9DW: If you could rewind a few months, what would you tell yourself to do differently?
RB: I’d start booking events sooner, by about three months. The thing is, my earliest calls were greeted with breezy reflections on how open the calendar was six months out. But we needed to change the route for logistical reasons, and that left me calling the Midwest with about six weeks notice, in peak season, as a debut author—a tough nut, indeed. I still got a couple gigs and I did meet the booksellers en route, some of whom I’ll see again soon, but that leg could have been stronger.

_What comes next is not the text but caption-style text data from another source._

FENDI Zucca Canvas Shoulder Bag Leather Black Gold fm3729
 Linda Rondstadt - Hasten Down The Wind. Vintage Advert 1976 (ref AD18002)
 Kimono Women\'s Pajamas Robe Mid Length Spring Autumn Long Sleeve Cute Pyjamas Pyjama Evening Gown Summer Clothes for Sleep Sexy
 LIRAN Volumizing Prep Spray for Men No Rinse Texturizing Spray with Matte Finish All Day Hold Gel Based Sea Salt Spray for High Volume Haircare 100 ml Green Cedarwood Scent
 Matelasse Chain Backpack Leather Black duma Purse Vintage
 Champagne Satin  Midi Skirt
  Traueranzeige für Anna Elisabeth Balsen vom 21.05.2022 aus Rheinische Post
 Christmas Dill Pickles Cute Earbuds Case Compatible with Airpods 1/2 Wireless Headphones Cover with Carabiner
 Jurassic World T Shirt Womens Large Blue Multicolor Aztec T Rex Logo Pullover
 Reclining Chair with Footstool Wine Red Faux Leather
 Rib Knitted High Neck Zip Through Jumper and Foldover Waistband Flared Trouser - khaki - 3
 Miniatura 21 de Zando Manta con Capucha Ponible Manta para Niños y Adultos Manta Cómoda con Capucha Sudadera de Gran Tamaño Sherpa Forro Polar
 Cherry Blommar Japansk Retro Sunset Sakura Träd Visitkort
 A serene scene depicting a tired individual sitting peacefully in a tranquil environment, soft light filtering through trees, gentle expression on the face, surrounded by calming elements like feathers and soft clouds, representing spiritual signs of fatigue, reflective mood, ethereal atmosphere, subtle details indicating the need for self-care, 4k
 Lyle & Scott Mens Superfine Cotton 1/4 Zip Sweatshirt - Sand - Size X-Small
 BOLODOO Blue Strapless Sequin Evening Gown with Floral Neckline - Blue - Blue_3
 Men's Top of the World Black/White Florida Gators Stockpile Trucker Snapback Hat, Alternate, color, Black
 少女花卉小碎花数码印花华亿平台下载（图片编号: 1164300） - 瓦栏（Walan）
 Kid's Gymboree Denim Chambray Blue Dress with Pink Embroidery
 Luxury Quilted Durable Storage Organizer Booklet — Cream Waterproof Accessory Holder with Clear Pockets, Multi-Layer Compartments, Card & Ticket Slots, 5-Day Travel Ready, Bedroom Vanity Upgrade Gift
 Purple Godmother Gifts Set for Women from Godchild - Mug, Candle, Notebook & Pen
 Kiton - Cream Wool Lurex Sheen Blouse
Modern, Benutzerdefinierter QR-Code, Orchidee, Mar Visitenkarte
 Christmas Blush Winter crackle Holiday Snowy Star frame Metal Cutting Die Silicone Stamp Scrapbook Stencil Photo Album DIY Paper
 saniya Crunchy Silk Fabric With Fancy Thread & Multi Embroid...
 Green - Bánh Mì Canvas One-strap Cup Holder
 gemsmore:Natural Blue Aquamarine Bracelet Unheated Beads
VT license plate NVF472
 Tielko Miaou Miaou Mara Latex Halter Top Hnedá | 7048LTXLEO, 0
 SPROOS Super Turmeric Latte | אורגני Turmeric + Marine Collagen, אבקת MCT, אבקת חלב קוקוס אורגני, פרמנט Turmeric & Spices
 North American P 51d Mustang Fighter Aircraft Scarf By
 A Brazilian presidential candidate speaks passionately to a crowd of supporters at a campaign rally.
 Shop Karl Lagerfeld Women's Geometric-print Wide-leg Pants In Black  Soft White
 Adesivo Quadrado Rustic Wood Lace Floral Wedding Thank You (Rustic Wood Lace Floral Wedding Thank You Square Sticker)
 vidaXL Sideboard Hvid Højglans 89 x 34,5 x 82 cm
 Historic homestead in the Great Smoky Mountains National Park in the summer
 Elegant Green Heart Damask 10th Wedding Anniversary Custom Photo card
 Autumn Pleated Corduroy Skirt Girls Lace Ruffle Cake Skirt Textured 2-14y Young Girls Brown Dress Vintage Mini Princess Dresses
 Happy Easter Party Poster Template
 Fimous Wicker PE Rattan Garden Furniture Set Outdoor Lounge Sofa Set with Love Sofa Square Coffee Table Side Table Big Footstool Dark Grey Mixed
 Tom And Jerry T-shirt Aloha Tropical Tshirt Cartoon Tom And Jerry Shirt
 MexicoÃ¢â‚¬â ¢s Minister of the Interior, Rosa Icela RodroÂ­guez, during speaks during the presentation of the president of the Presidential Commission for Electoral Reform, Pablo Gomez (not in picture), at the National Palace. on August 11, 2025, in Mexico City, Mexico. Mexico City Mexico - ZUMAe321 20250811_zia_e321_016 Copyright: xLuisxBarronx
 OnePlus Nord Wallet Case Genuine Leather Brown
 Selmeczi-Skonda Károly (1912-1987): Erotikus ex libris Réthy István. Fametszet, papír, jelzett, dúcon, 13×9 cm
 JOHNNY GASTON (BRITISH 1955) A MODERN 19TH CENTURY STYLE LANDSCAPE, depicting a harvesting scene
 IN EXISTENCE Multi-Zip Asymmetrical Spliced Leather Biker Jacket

9DW: Would you do it again?
RB: Without hesitation and, in fact, I plan to. The whole road trip thing is something that turns my crank and may not be for everyone. But I heartily recommend getting out to bookstores, libraries, literary bars, or whatever is available to any author serious about finding readers. It’s not about selling books, at least not in the immediate sense. It’s about finding out who wants to read you, meeting people who sell books for a living, and making connections to counter the aloneness which is such a necessary part of writing for most of us.
Rob Brunet’s 2014 debut, STINKING RICH, asks What could possibly go wrong when backwoods bikers hire a high school dropout to tend a barn full of high-grade marijuana? Dubbed “deviously funny” by Canadian Mystery Reviews, the novel was listed on Crimespree Magazine’s Book Picks for 2014, and named one of the year’s top debuts by MysteryPeople. Brunet’s short crime fiction appears and is forthcoming in Ellery Queen Mystery Magazine, Thuglit, Shotgun Honey, Out of the Gutter, Noir Nation, and numerous anthologies. Prior to writing crime, Brunet ran a Web boutique producing award-winning sites for titles like Frank Miller’s Sin City and cult television series Alias. He loves the bush, beaches, and bonfires, and lives in Toronto with his wife, daughter, and son.